Providence – It’s been another busy day in what is shaping up to be a packed session at the Environment General Assembly.
On Tuesday, the bills moved closer to enacting legislation to buy more offshore wind power, permanently limit concentrations of so-called chemicals in drinking water, ban food packaging containing the same type of man-made chemicals, and ban the distribution of plastic that is used for one time. bags.
Permit for plastic processing factories
The House leadership also announced that a controversial bill passed in the Senate that would make it easier to allow the use of intense heat to break down plastics into combustible fuels and other products will not continue this year. The legislation was widely opposed by state environmental groups and was not passed in the Senate until after several senators were absent from the vote.
“We are a member-driven body and our members have spoken to us loud and clear that they have serious unresolved questions about this bill,” House Speaker K. Joseph Schicarchi and Majority Leader Chris Blazewski said in a joint statement.

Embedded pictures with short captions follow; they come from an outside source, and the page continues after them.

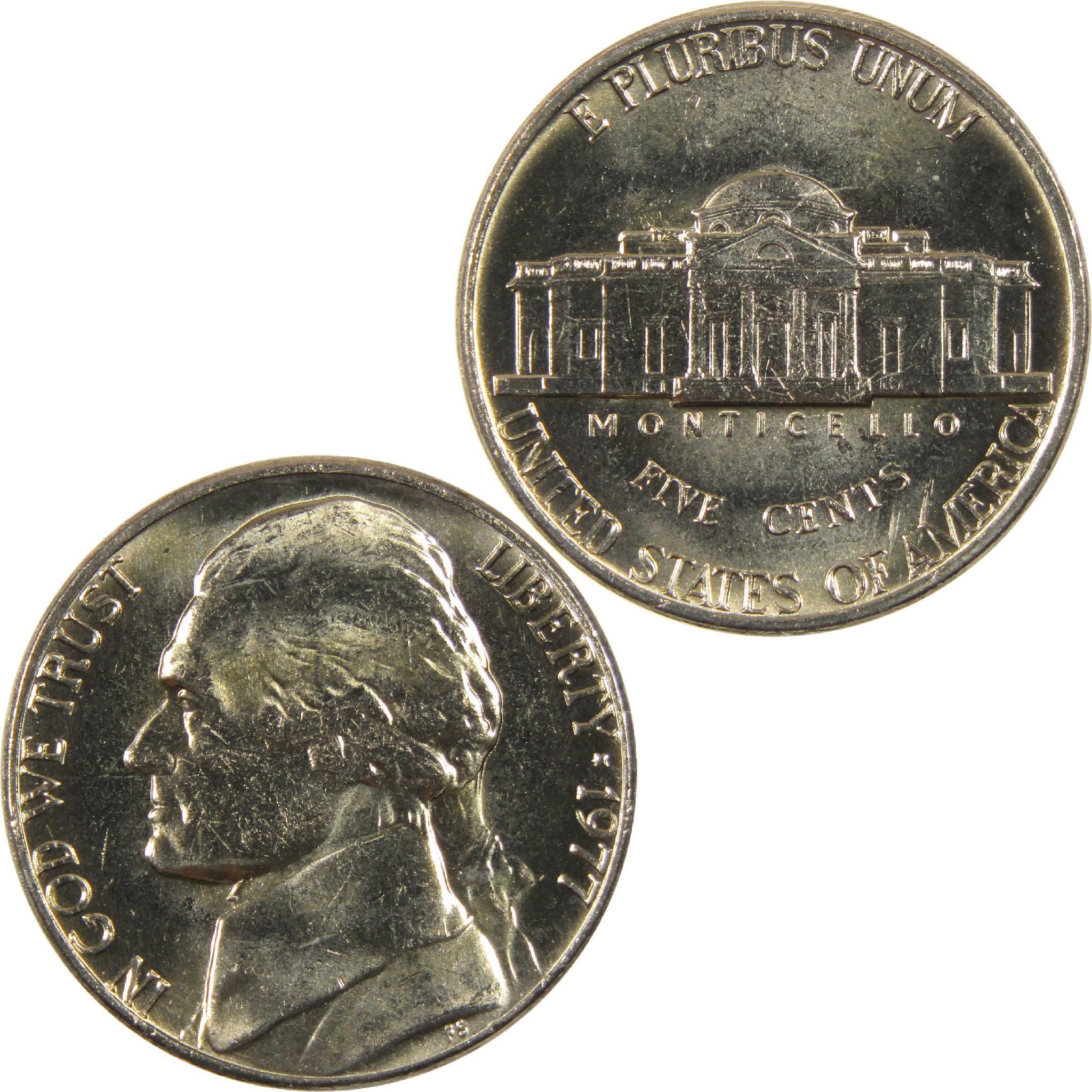 1977 Jefferson Nickel BU Uncirculated 5c Coin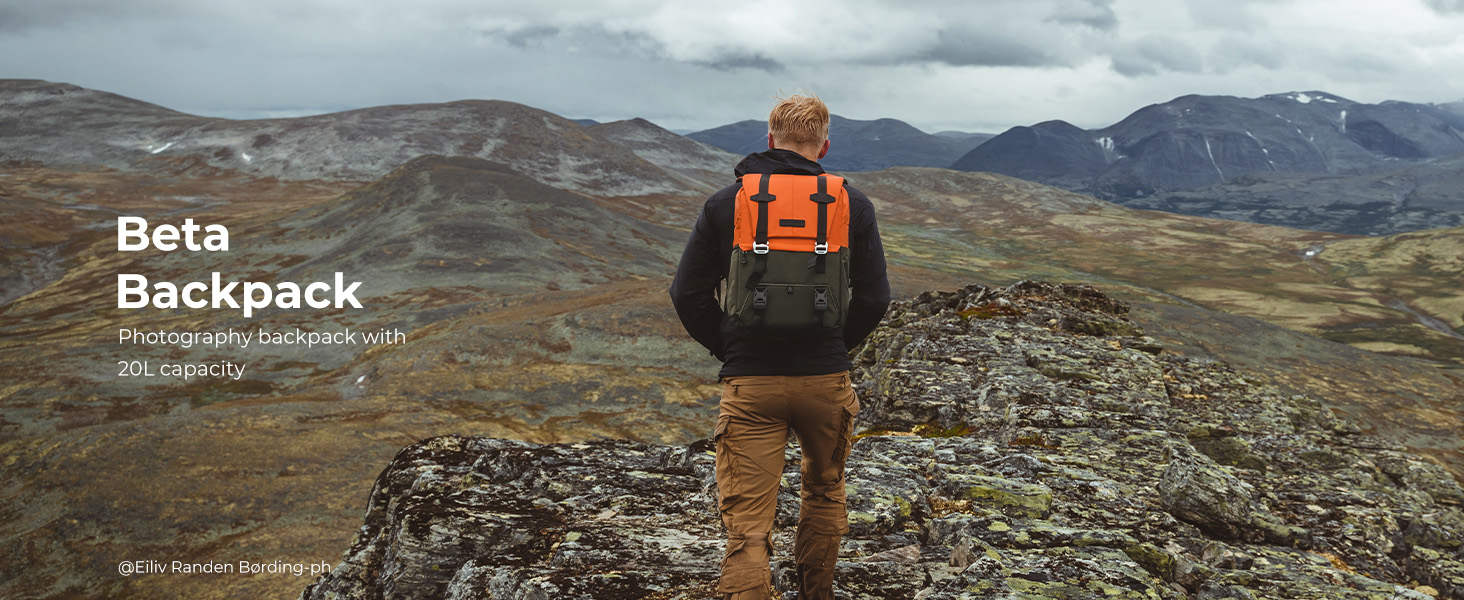 Рюкзак для камери K&F Concept 20L, великий фоторюкзак з відділенням для ноутбука 15.6 дюймів, водонепроникний, з дощовиком, оранжевий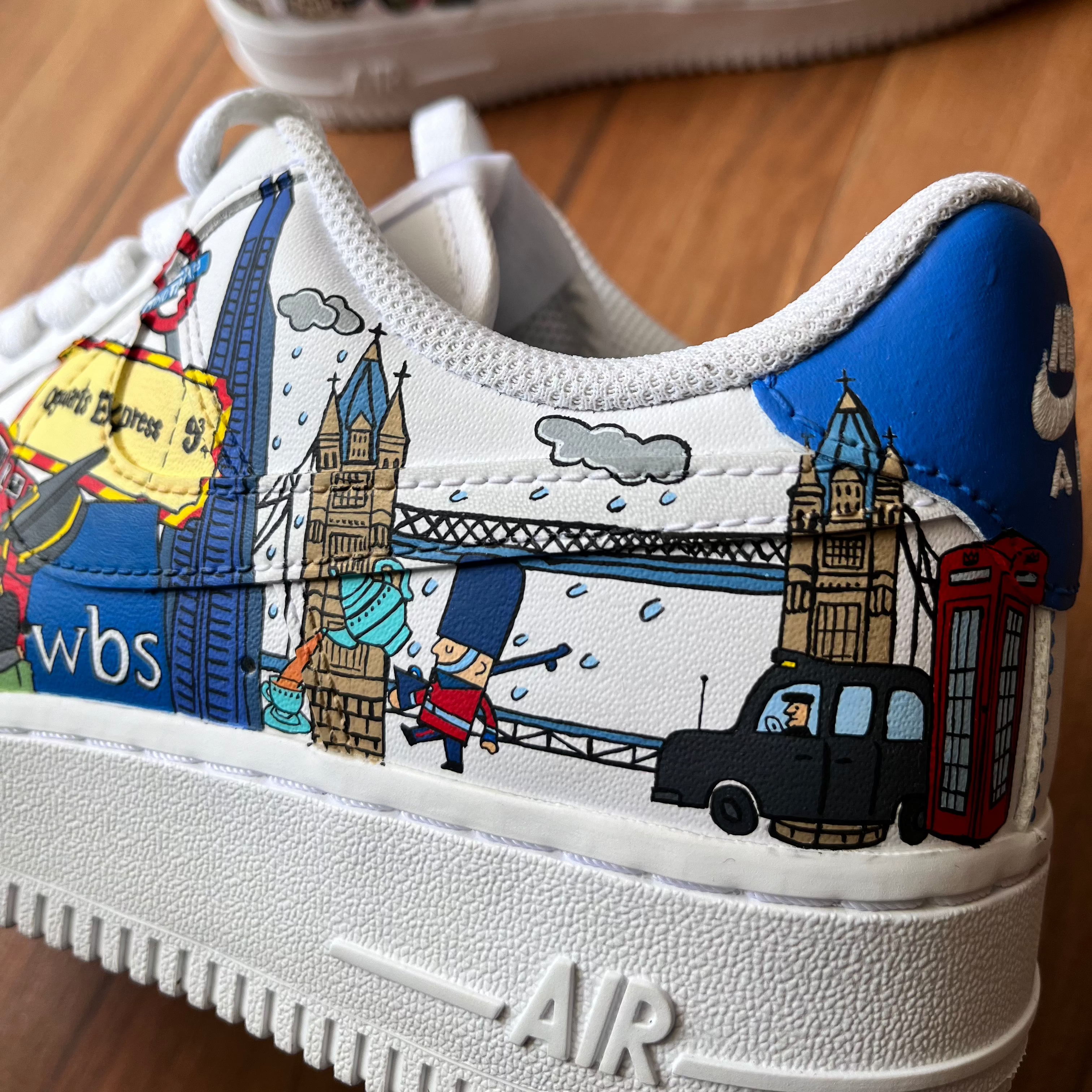 Dual Cityscape London and Paris Nike Air Force 1 custom sneakers India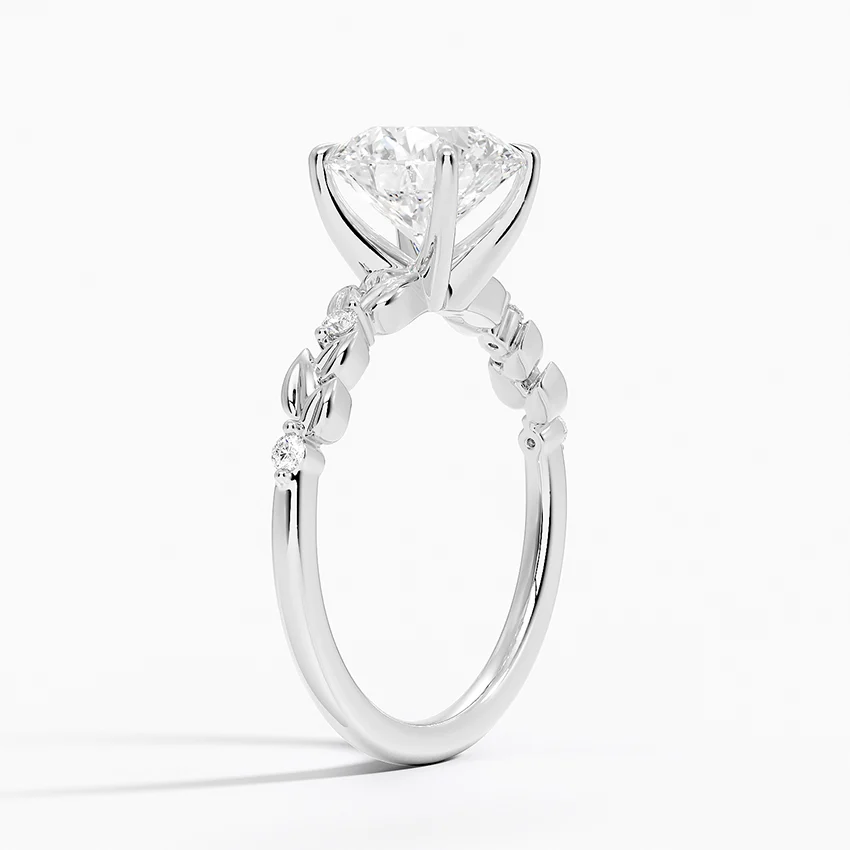 Round Cut Diamond Engagement Ring, Nature Inspired Leaf Band Ring, Floral Vine Gold Ring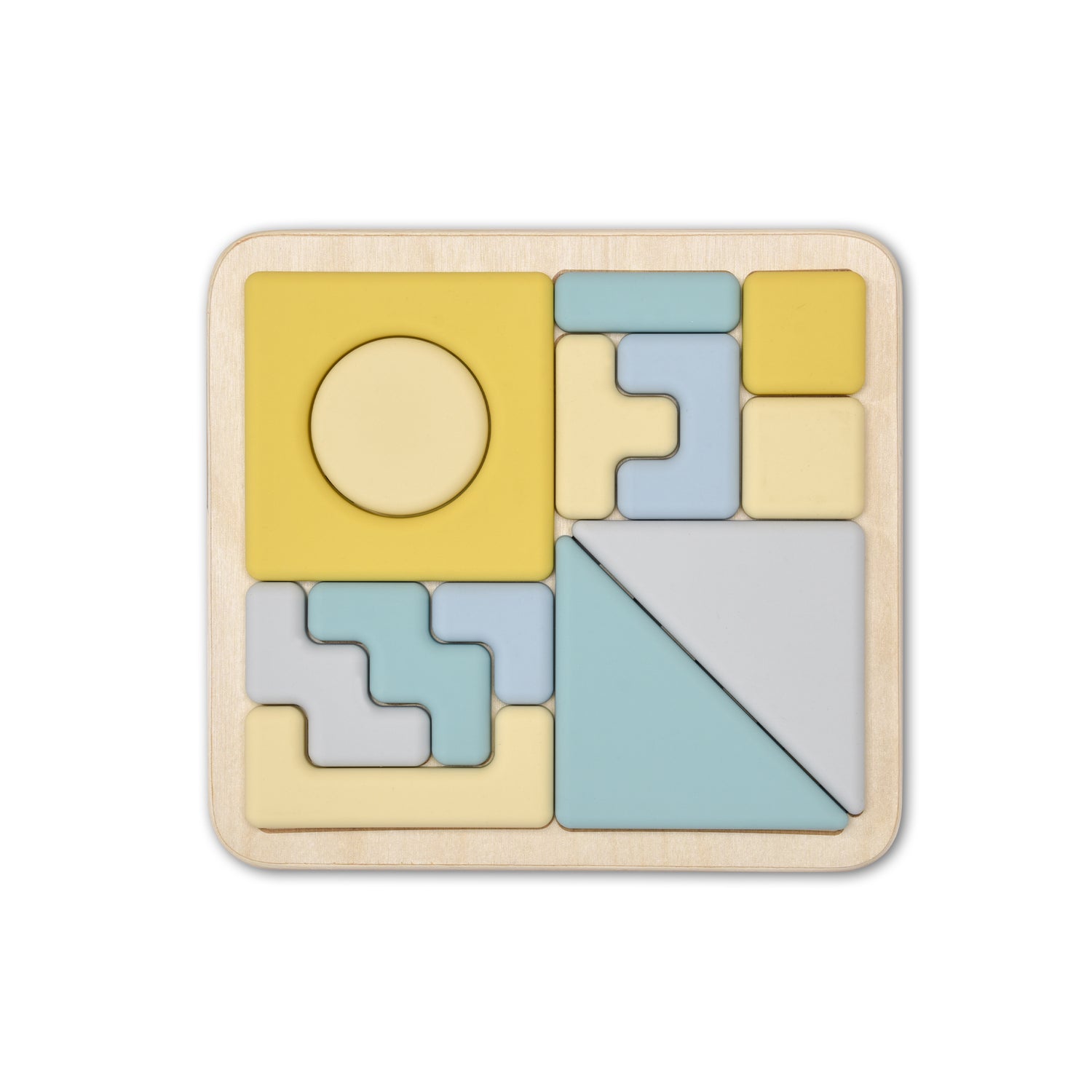 Wooden puzzle with colorful geometric shapes on a white background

The statement was released minutes before the start of a rally against the bill by environmental and community groups. The event was led on the steps of the state building by the Rhode Island Environmental Council, the coalition representing all of the state’s major environmental organizations, and the People’s Port Authority, an organization working to reduce pollution in and around the Port of Providence. Opponents have raised concerns that ProvPort is an area where a plant could be built that uses a high-temperature process called pyrolysis to turn plastic waste into other goods.
While the plastics industry heralds pyrolysis as a solution to the mounting problem of plastic waste, which fills landfills and washes landscapes and oceans, environmentalists say it is energy-intensive, poses public health risks, and will do nothing to reduce demand for plastics made from fossil fuels. .
Shekarchi and Blazejewski framed their opposition to the pyrolysis bill by referring to the plethora of environmental legislation so far at this hearing. This year’s activity follows last year’s enactment of the Climate Act, a landmark law that requires the state to reach net-zero greenhouse gas emissions by 2050.
Senate President Dominique Rogerio also referred to recent work on the environment in his response to the House resolution, saying, “The Senate has led the way in environmental initiatives including the climate law” and other laws.
“We respect the position of the House of Representatives on [the pyrolysis] bill, and we look forward to continuing to work productively with them to enact strong environmental legislation,” he said.
It’s been a fruitful session so far on environmental policy, as agreed by Priscilla de la Cruz, president of the Rhode Island Environment Council. With bills that would boost the state’s supply of renewable energy, she said, lawmakers are building on the foundation laid by the climate law.
“I think this session sets the standard for the kind of climate action that is needed,” she said.
Pushing for more renewable energy in RI is complicated by financial incentives for power utilities
The session included an update of the Renewable Energy Standard, the key state law that drives support for the development of offshore wind, solar, and the like. With Senate approval, the House of Representatives passed legislation earlier this month that would require all Rhode Island’s electricity sales to be balanced with renewable energy by 2033.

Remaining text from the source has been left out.